In attempts to determine the mechanism(s) underlying reflow rhythm disturbances, we have studied the relationship between extent of coronary flow impairment and incidence of reperfusion arrhythmias. In isolated guinea pig hearts perfused with pyruvate (10 mmol/l) and glucose (0.5 mmol/l), coronary flow was reduced to different extents (18, 11, 6, 1, and 0.5%). Following 10 minutes of ischemia, reflow arrhythmias were quantitated with computer-aided statistical determination of rate-independent variations in beat intervals.
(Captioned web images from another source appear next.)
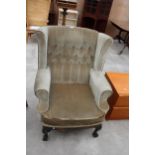 A GEORGION STYLE WINGED BUTTON-BACK EASY CHAIR ON FRONT CABRIOLE LEGS WITH CARVED KNEES ON BALL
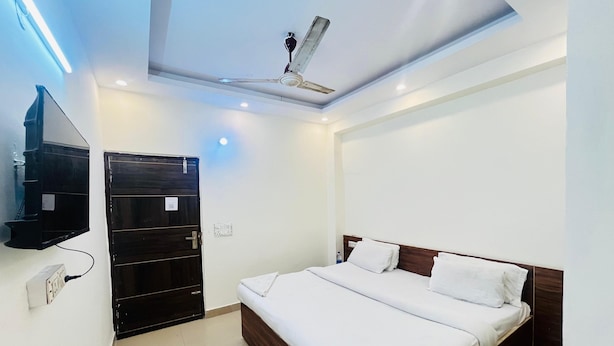 A modern hotel room with a bed, a ceiling fan, a TV mounted on the wall, and a door with a shelf. - Roomshala Hotel Pub G (New Delhi)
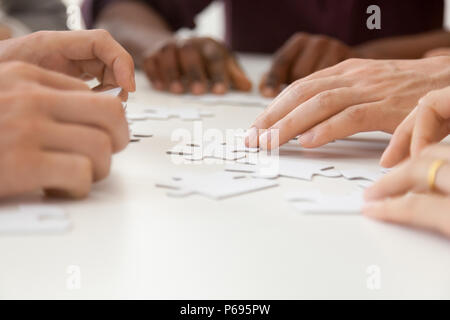 Close up de l'équipe de travail diversifiées de l'assemblage puzzle ensemble Banque D'Images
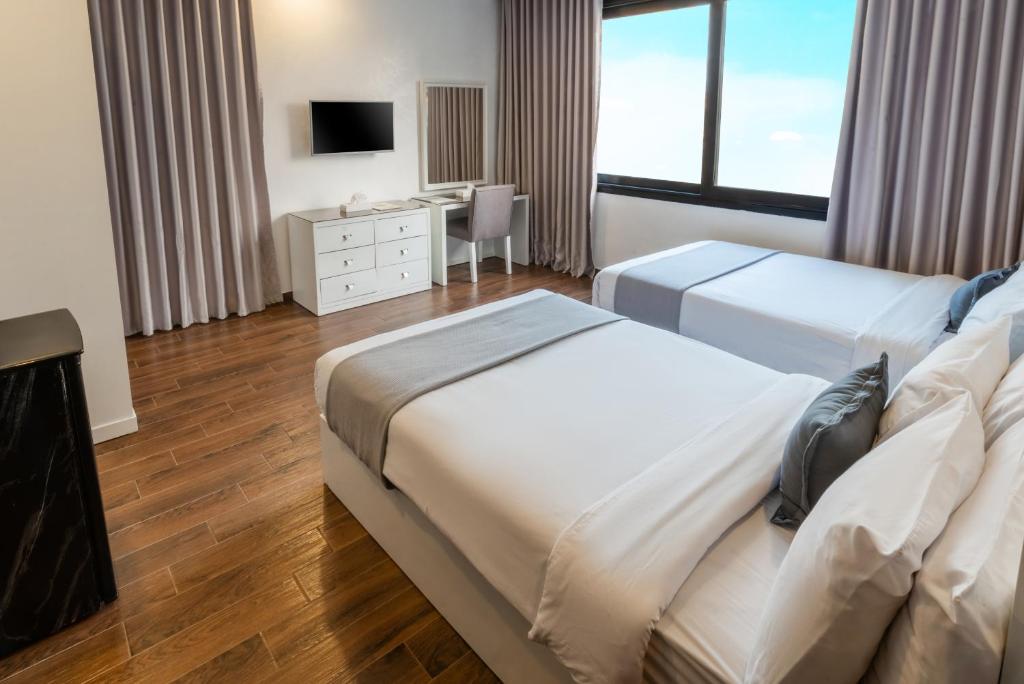 Postel nebo postele na pokoji v ubytování Nile Villa Hotel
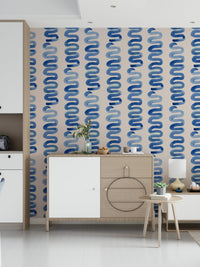Elegant blue swirl wallpaper adding a serene, airy ambiance.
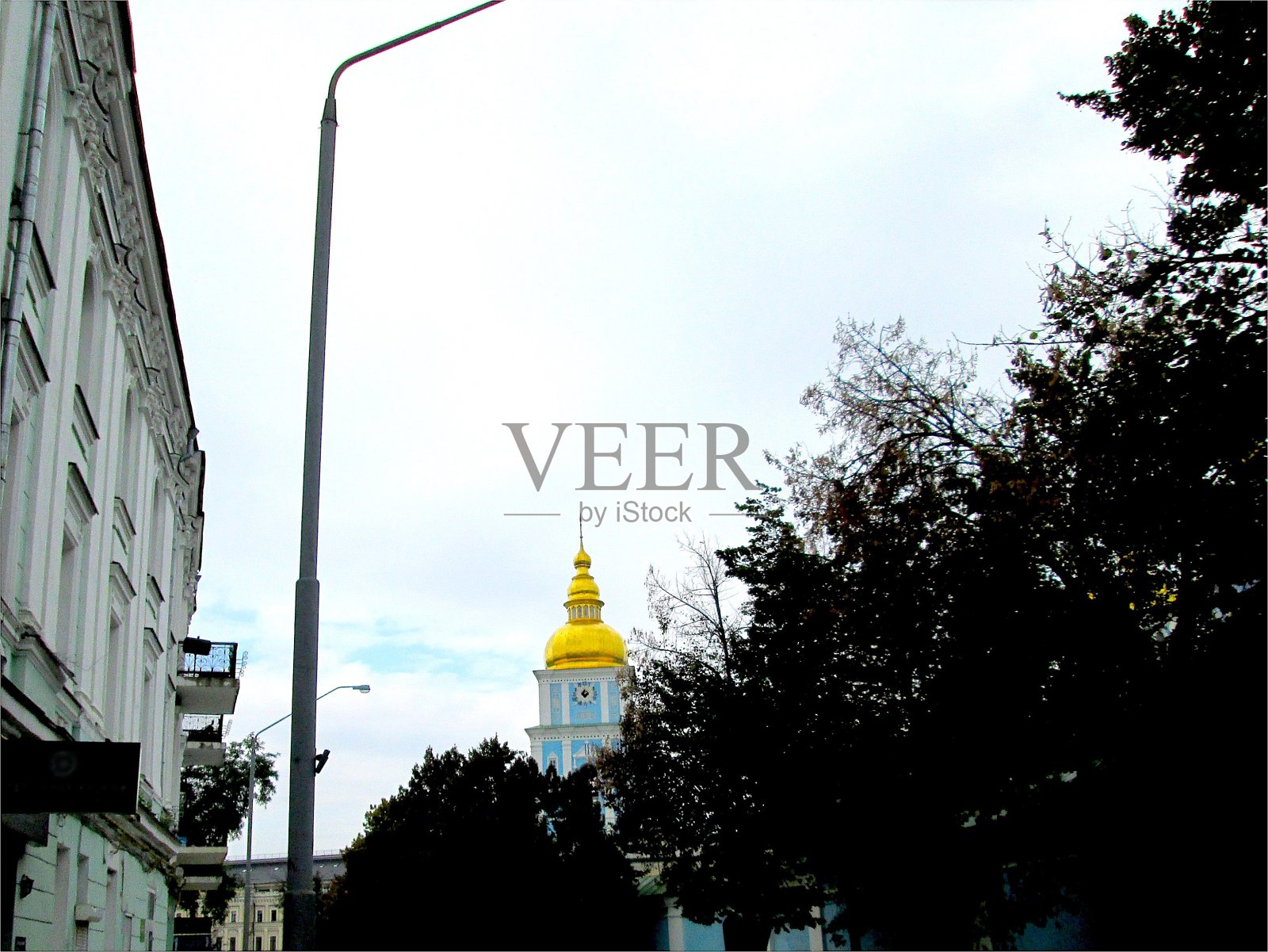 秋色多云，金色的东正寺塔从老城区绿树成荫的街道照片摄影图片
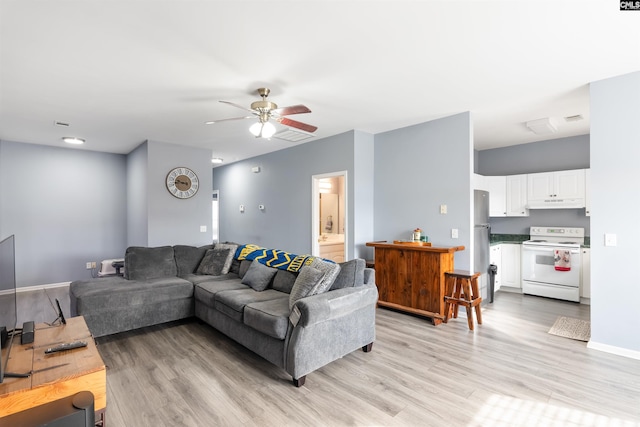 living room featuring light hardwood / wood-style floors and ceiling fan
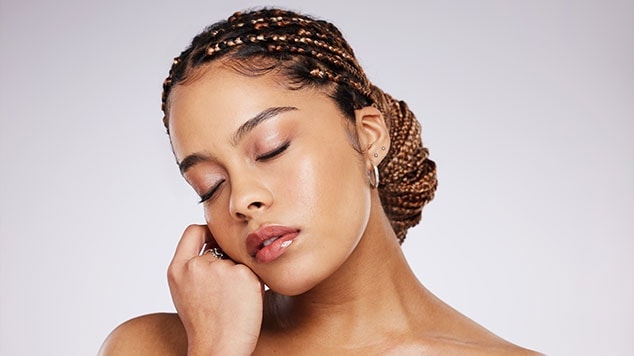 mulher com cabelos com tranças amarrado em coque baixo e com baby hair a mostra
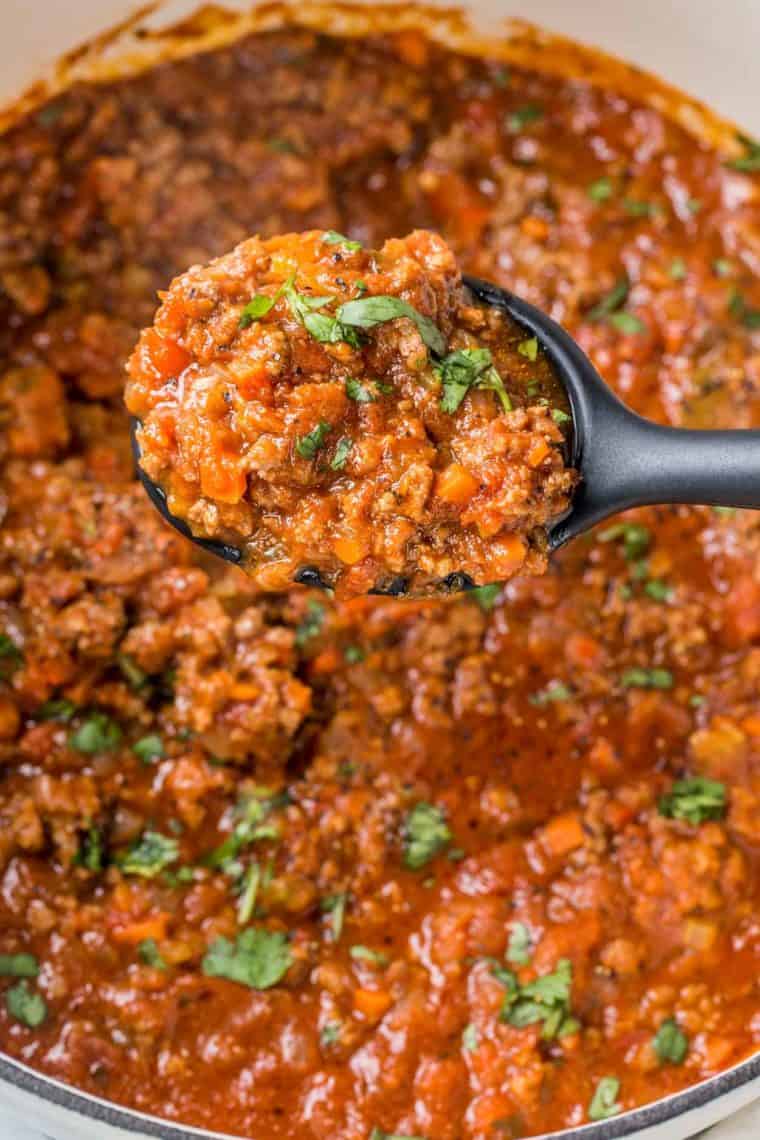 A spoonful of bolognese sauce topped with fresh green in a black spoon.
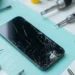 Teknikera med blå handskar håller en iPhone 14 med spräckt skärm redo för reparation – laga iPhone 14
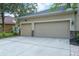 Spacious three-car garage featuring stone accents, providing ample parking and storage space at 16170 Colchester Palms Dr, Tampa, FL 33647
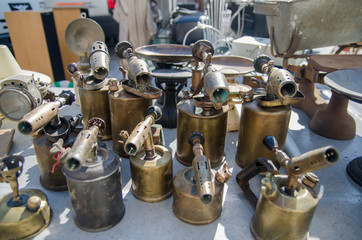 Ancient blowtorches at flea market, France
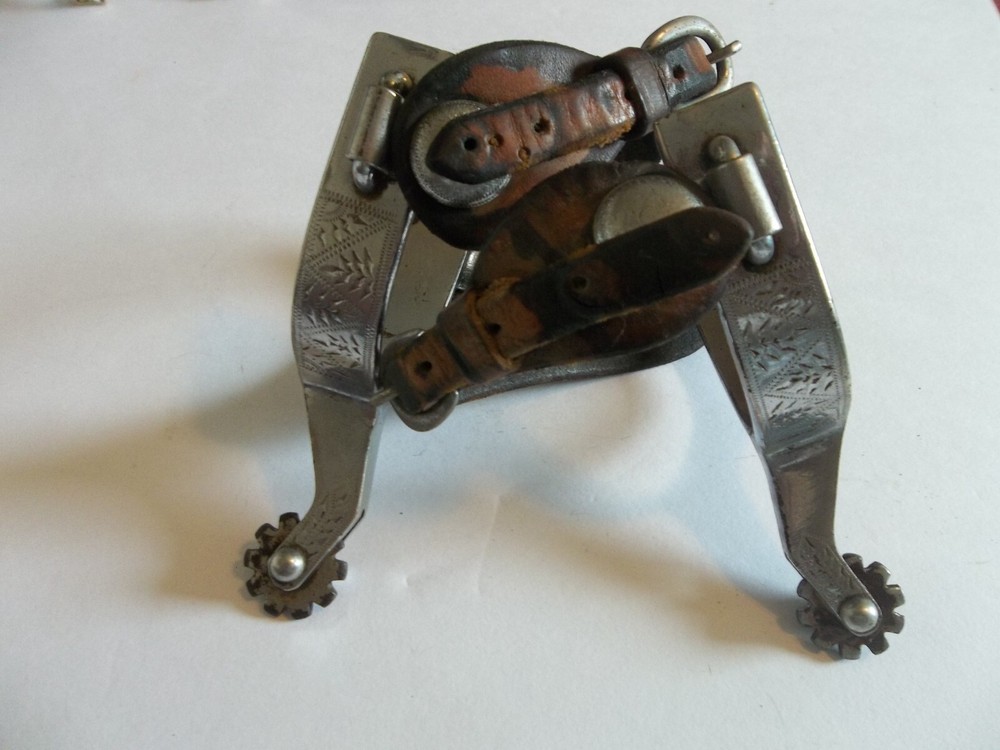 SPURS WITH DESIGN STAMPED ON SIDE #62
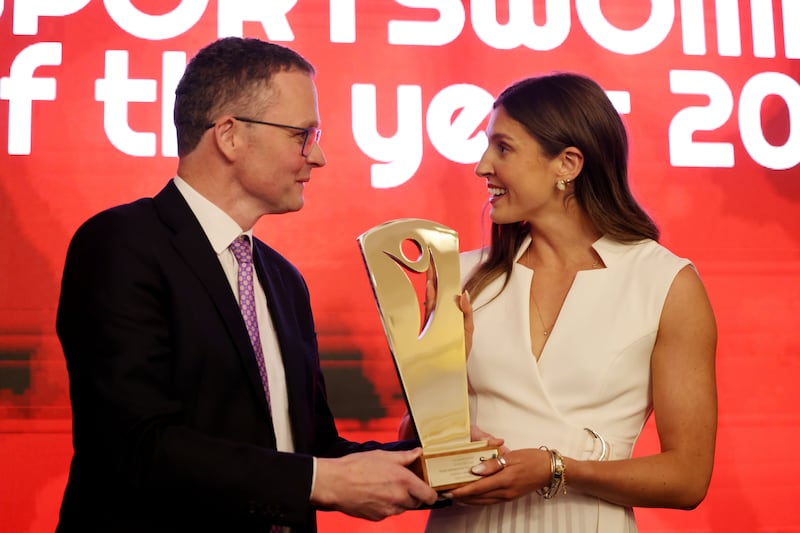 Minister for Sport Patrick O’Donovan presents Kate O'Connor with the Sportswoman of the Year award. Photograph: Alan Betson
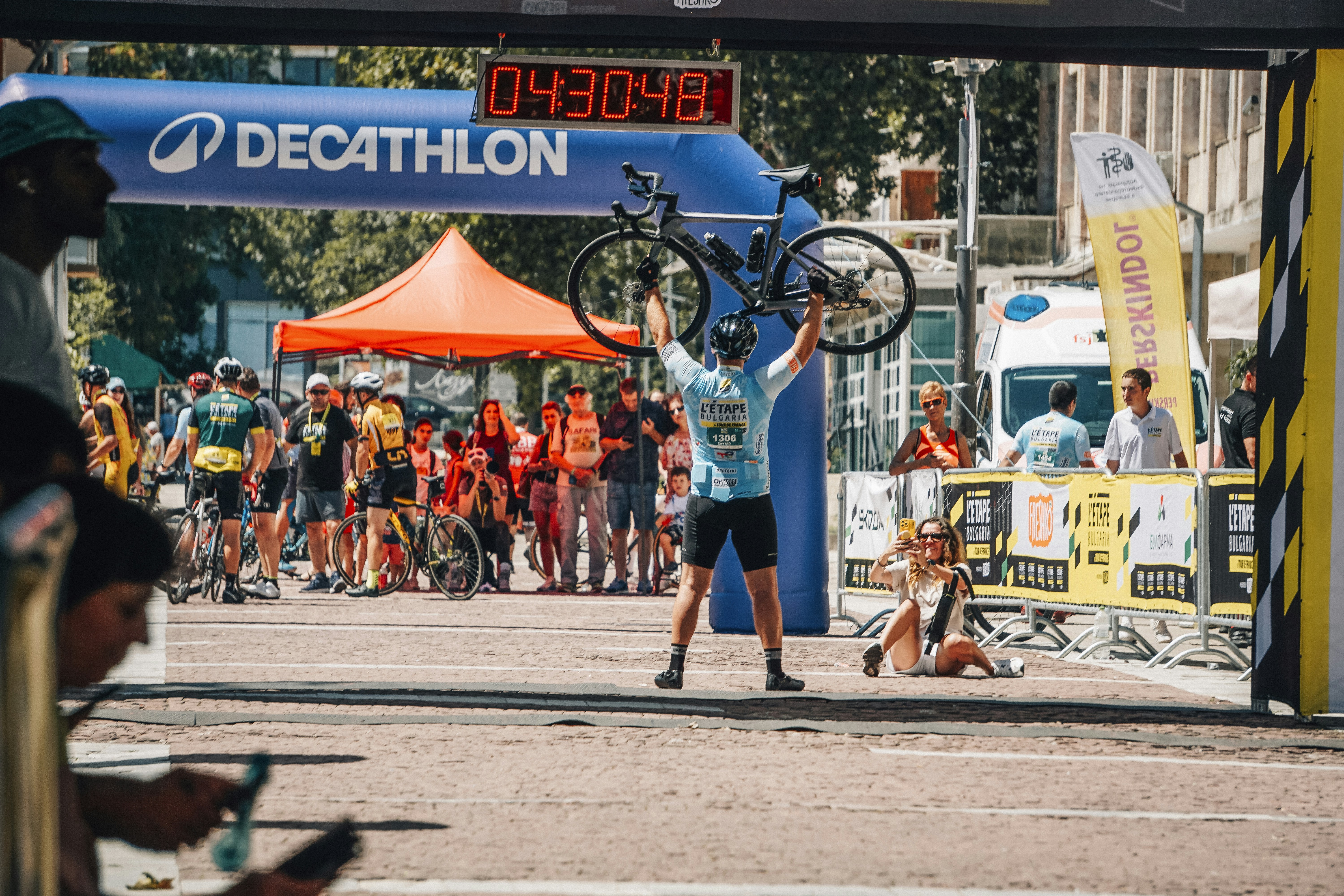 Cyclist celebrates victory holding bike above head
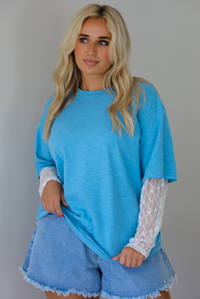 Woman wearing an oversized blue t-shirt with white lace long sleeves with medium wash denim shorts indoors against a white wall. The photo shows the tee untucked to display the full length.  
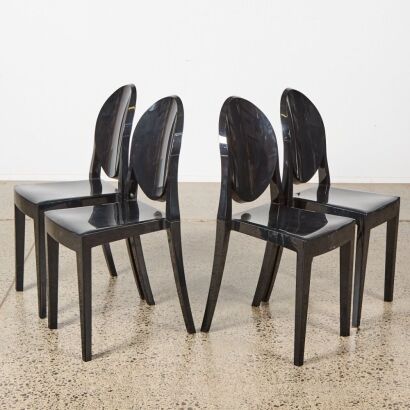 A Suite of Four Kartell Style Black Ghost Chairs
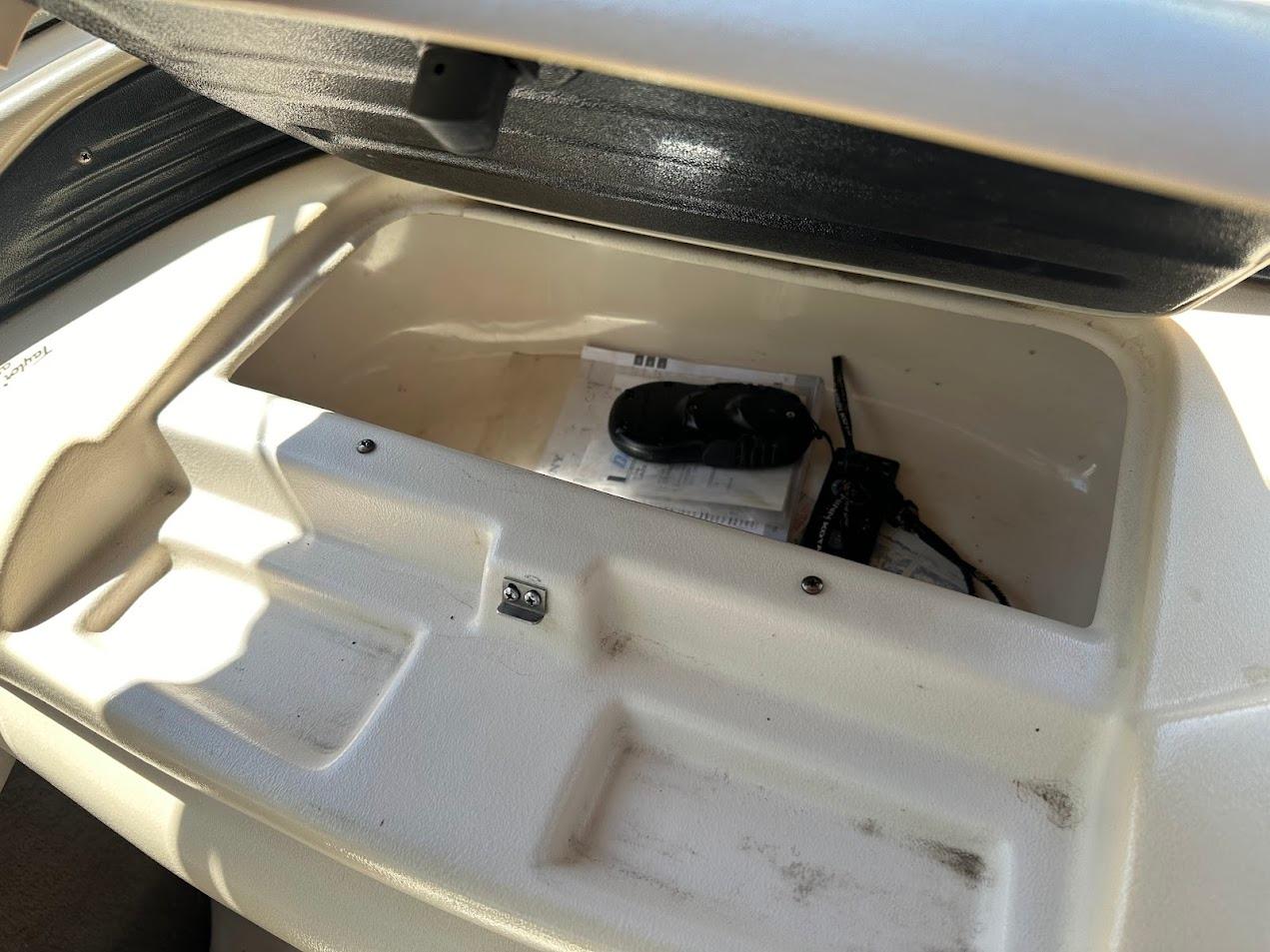 Open storage compartment in a 2001 Larson SEi 190 boat, containing documents and a device.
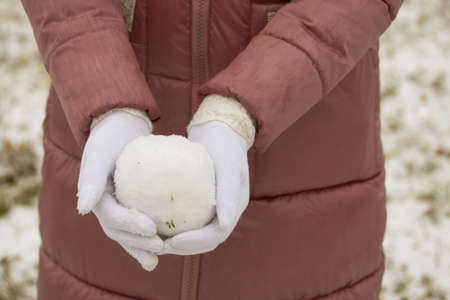 Portrait of a girl in winter clothes on a walk in the park. Snowball in hand. Close-up shot.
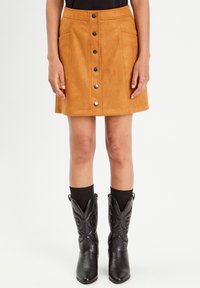 Mini-jupe en suède beige avec une fermeture à boutons sur le devant, deux poches latérales et une coupe droite. Associée à des bottes de cowboy noires et des chaussettes sombres.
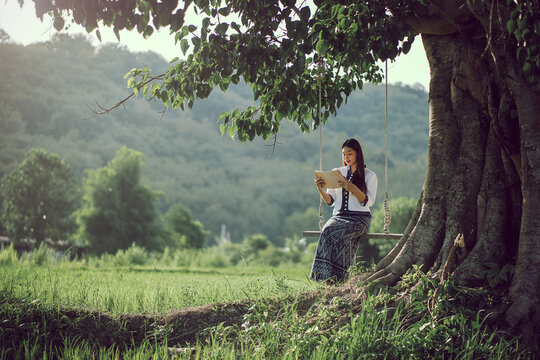 Beautiful Asian woman in traditional dress enjoys reading a book on a swing while enjoying nature and fresh air in a rice field in Isan, Thailand.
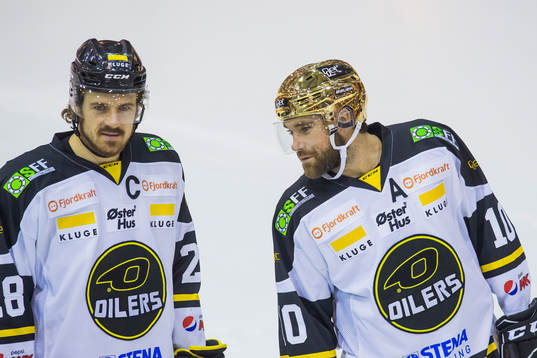 Kristian Forsberg and Jacob Lagacé of Stavanger Oilers
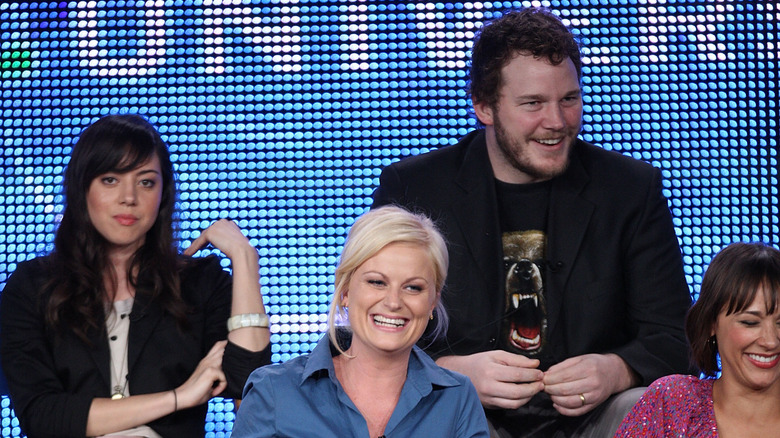 Chris Pratt sitting with Aubrey Plaza, Amy Poehler, and Rashida Jones at a panel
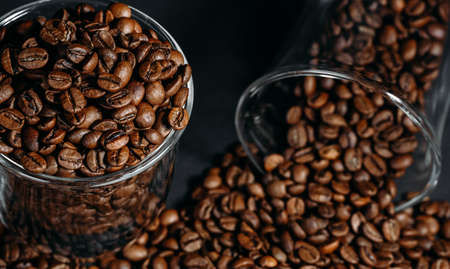 Glass transparent cup full of brown coffee beans, many coffee beans on a black background. Close-up....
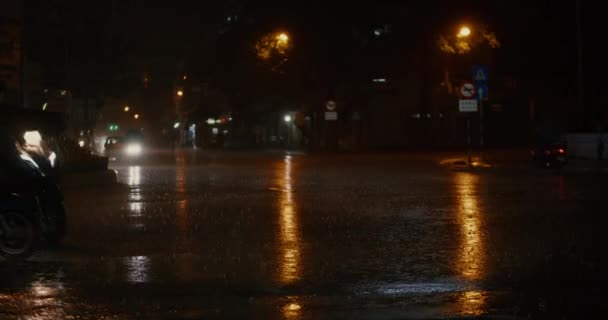 Gros plan la nuit, des gouttes de pluie d'été ou d'automne tombent sur l'asphalte de la ville, se transformant en une grande flaque d'eau, inondant la rue. Les inondations sont la saison des pluies et de fortes pluies. Des gouttes de pluie tombent. — Video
The results (19 +/- 1, 13 +/- 5, 22 +/- 4, 8 +/- 3 and 6 +/- 1, n = 6, Rhythm Disturbance Units respectively) revealed that rhythm disturbances were more serious after less severe ischemia than after more severe ischemia. To investigate this "paradoxical" observation, we compared the metabolic changes during ischemia and the severity of subsequent reflow arrhythmias. Electrical instability during reperfusion was not related to accumulation of lactate, increase in cyclic AMP or decline in energy status. These were at a maximum in the severely ischemic myocardium. The reduced incidence of arrhythmias following severe (1% and 0.5% flow) as opposed to moderate ischemia, however, may have been associated with a major increase in glycogenolysis (from 1.2 to 7.4 and 7.6 mumol glucose equivalents/min per g dry weight).